The task: Could you repeat the listing exactly, leaving out the pictures?

Provided material:
--------------------------------
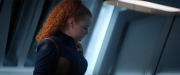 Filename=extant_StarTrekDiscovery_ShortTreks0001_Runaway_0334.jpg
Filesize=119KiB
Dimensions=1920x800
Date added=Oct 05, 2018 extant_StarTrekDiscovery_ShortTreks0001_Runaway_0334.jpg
--------------------------------
Exercise response:
 Filename=extant_StarTrekDiscovery_ShortTreks0001_Runaway_0334.jpg
Filesize=119KiB
Dimensions=1920x800
Date added=Oct 05, 2018 extant_StarTrekDiscovery_ShortTreks0001_Runaway_0334.jpg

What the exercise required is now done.